Videogame movies need to be stopped.

Posted: September 25, 2010 by ryanlecocq in Off-topic

Mr. Van Damme would you say you lost your dignity with Street Fighter?

No.  You’ve lost your balls.

This is an opinion piece in the off-topic category, and should be held aside from our normal informational postings.

There is pretty much no ground on which to defend videogame based movies.  Silent Hill is the best example I can think of that made any effort to please me as a fan without greatly offending me.  The first Resident Evil movie was alright as it mostly left the games alone and told a passable side story (or gaiden as its Japanese creators would say) that was campy clean fun.  The sequels on the other hand commit every possible offense to the fanbase.  The most glaring of which is creating a new, totally lame character that steals every good scene a franchise character ever had.  Imagine if a new X-men movie came out replacing Wolverine with a new, stupid Wolverine instead called Badgerman that looked like that vampire from Twilight in spandex and stole all of the classic Wolvie lines and signature moves.  If that made you want to Berzerker Rage the f*ck out of your computer monitor, you know how I felt watching these movies.

But enough of past grievances.  The impetus for this article is the new awful game-based movies on the horizon and why they need to be stopped and all film reels destroyed.  The first of which is unfortunately another Resident Evil movie.  After the last one I really couldn’t see any sane director taking the plot in any direction that wasn’t ludicrous.  Enter insane director and ludicrous plot.  Resident Evil 4: Attack of the Clones.  It’s one thing to be crazy, but another thing entirely to be blind.  The current rendition of the Kane and Lynch movie (which was going to be directed by Michael Mann at one point, ironic as the first game is entirely plagiarized from him) features Bruce Willis and Jamie Foxx.  If you hadn’t guessed, Bruce Willis is Kane.  Okay, he’s balding and scary looking, not bad.  Where this film jumps the shark is that means Jamie Foxx is Lynch.  I could see making Harry a woman in Silent Hill, but Lynch’s status as a middle aged, balding, beer-gutted psychopath is fully all of his charm.  Making him a young, fit, award winning black actor just doesn’t quite fit.  I’m not saying there shouldn’t be a black Santa or a black Nick Fury, but if you’re going to make Lynch black, at least make him an old fat black guy like Bill Dukes (the guy in Predator that says “I’m gonna have me some fun… I’m gonna have me some fun”).
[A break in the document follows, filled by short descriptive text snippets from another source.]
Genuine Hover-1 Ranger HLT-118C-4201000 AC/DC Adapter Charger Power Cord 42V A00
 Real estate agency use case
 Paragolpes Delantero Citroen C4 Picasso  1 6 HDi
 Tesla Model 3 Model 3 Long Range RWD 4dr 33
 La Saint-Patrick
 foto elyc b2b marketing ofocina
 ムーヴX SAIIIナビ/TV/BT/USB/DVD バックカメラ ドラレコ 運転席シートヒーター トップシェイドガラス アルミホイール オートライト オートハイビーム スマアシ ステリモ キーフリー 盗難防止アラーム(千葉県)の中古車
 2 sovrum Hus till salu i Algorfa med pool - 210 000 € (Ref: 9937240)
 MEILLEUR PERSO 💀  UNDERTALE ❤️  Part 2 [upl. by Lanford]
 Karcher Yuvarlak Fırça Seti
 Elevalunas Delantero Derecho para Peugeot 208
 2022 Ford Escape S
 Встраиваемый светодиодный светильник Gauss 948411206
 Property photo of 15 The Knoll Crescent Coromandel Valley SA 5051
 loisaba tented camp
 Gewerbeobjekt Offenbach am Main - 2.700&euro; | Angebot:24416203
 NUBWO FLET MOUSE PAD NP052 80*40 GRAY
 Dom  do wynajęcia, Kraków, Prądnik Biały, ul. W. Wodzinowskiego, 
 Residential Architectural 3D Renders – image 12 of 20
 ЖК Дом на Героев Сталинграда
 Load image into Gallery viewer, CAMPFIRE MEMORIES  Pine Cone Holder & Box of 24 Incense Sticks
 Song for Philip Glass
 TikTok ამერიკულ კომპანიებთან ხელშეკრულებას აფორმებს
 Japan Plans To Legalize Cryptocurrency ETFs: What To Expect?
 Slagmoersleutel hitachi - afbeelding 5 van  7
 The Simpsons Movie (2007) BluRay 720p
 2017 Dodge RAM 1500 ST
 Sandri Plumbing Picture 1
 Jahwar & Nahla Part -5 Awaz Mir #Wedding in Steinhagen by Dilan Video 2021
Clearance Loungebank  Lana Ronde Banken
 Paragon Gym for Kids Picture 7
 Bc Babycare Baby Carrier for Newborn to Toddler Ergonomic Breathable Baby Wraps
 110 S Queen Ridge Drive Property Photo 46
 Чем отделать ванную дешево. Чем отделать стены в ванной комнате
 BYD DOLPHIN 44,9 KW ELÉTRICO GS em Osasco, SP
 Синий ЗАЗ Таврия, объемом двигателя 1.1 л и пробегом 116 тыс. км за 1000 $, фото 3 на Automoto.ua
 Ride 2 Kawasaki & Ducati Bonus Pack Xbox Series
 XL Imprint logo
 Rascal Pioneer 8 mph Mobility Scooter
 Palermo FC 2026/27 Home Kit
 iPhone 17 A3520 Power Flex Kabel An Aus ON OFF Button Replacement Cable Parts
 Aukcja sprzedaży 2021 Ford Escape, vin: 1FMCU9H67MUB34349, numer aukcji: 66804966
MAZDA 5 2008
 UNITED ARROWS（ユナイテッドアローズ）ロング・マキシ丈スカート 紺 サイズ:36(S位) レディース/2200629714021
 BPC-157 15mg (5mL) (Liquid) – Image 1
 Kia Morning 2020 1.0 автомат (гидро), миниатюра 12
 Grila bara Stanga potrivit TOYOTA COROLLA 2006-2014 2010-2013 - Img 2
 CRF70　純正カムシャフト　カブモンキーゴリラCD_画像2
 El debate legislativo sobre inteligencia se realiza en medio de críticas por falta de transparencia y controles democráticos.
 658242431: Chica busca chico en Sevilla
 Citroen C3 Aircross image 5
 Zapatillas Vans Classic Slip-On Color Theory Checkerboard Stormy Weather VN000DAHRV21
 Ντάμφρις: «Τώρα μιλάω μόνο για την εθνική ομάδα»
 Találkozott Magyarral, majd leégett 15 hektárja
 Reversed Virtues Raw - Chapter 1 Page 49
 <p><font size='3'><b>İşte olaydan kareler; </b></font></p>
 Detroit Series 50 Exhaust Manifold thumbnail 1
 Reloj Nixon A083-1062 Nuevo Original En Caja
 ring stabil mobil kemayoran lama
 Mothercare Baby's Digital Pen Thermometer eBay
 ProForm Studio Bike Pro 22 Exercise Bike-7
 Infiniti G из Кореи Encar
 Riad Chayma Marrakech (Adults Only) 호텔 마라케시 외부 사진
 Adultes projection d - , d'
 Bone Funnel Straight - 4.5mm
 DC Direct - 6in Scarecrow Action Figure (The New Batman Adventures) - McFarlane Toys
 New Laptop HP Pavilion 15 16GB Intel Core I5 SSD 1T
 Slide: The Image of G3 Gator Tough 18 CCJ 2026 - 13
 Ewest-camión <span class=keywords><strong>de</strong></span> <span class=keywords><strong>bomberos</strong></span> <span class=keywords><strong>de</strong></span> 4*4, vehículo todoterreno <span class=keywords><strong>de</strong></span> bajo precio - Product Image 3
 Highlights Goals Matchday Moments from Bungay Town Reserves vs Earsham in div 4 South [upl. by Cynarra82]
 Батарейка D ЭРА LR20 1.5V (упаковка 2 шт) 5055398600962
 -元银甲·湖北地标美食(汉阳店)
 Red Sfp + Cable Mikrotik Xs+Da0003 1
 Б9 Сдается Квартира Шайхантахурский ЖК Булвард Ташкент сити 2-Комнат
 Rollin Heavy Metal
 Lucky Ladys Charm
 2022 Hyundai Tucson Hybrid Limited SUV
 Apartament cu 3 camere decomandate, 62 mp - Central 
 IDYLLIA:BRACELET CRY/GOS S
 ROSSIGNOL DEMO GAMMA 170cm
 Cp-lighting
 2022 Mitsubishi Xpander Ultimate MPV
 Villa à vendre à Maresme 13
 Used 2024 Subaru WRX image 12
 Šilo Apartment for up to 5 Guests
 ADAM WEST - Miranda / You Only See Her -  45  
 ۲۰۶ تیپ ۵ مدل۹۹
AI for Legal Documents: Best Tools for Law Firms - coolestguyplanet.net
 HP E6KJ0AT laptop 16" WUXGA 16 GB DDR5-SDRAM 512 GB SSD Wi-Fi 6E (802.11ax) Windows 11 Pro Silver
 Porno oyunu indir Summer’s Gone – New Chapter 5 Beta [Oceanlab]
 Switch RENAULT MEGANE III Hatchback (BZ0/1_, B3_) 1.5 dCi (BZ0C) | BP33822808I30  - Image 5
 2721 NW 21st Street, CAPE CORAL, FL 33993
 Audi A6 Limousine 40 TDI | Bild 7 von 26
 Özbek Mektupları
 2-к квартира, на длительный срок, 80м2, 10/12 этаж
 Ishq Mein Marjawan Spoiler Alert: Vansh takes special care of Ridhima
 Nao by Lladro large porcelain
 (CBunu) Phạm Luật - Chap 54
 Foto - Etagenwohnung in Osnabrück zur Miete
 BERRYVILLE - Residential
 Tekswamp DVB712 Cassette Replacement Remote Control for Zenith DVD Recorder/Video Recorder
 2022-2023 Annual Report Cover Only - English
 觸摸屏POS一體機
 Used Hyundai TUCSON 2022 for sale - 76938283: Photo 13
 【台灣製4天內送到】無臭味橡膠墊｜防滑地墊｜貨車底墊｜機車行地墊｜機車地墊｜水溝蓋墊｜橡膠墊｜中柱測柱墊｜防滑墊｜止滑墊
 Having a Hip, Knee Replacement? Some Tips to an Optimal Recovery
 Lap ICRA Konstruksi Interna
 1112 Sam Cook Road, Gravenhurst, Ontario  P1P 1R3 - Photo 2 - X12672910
The most terrifying only because of it’s mystery is the Halo movie.  You may say that’s a good thing, but hear me out.  It couldn’t possibly take this long to adapt a complete plagiarism of Arthur C. Clarke novels dumbed down for jocks unless something is seriously bloody awry.  I mean it’s easy, you get a wrestler, you put him in a plastic suit.  You get some grim sounding guy like David Hayter to voice him over.  Then you hire Industrial Light and Magic and wire them a bunch of money.  Fire the excellent composer of the game because you think you can get Hans Zimmer, instead you get Harry Gregson Williams, whatever it’s just some game movie.  You round it out with a supporting cast of Nathan Fillion, Michelle Rodriguez, Adam Baldwin and the rest of the Halo game voice cast.  No worries, these actors have the unfortunate curse of loving their fans so much they’ll let you cheat them to get in the film.  Bam.  There’s a movie that will make money and please fans, everybody wins, no damage done.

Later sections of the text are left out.